Xanthippe: Das kann ich mir gut vorstellen: Unser Ordnungssystem besteht zwar weiterhin, doch es wird nur optional und flexibel genutzt. Wir nehmen durch den gewählten Betrachtungsaspekt oder die aufgeworfene Betrachtungsfrage eine höhere Perspektive ein, sodass wir eine Distanz schaffen zur Situation. Aus dieser Distanz können wir viel besser und unbetroffener herausfinden, was unsere Situation kennzeichnet und von uns fordert. Es wäre dann interessant, wenn wir anschließend unsere neu gewonnenen Erkenntnisse mit den Inhalten unserer Schubladen verglichen.
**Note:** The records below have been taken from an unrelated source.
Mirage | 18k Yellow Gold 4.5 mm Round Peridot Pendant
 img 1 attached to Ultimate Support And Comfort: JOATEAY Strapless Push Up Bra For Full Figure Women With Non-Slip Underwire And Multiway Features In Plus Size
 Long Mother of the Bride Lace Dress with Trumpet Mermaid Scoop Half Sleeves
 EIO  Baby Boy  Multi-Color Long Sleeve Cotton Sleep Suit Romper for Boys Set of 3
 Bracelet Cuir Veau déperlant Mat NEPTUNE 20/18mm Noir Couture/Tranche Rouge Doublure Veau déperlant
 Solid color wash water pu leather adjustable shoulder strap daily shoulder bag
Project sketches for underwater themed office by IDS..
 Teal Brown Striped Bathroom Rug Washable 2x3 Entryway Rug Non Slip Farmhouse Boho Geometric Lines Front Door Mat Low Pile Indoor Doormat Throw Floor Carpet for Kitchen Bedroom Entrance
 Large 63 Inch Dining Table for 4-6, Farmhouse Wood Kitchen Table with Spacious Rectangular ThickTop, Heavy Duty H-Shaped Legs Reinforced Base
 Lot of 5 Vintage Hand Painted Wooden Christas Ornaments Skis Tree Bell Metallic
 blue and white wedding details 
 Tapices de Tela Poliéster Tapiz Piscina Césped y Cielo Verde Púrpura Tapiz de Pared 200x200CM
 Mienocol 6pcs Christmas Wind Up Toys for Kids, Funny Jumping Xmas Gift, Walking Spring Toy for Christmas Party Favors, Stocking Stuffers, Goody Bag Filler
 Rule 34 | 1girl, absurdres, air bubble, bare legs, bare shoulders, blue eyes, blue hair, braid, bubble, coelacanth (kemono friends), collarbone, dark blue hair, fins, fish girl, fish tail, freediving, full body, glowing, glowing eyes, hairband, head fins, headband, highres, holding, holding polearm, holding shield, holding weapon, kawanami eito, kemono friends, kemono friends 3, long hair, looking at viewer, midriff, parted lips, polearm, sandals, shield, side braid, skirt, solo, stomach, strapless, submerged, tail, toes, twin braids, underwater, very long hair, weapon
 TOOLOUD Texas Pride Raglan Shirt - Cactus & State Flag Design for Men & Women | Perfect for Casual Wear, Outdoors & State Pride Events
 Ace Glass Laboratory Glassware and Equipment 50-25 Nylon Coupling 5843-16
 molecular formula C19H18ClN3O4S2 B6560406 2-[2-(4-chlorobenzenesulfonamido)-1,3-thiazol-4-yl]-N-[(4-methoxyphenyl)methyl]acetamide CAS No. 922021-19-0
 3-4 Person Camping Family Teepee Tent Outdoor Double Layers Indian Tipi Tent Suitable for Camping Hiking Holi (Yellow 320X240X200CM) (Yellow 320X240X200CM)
Sobald wir auch unser Ordnungssystem mit etwas mehr Abstand betrachten und befragen, stellen wir die natürliche Ordnung wieder her: Wir sind die Schöpfer, Nutzer und Korrektoren unseres Ordnungssystems. Was wir in Schubladen legen, ist zwar wertvoll, aber es darf uns nicht zu Marionetten machen.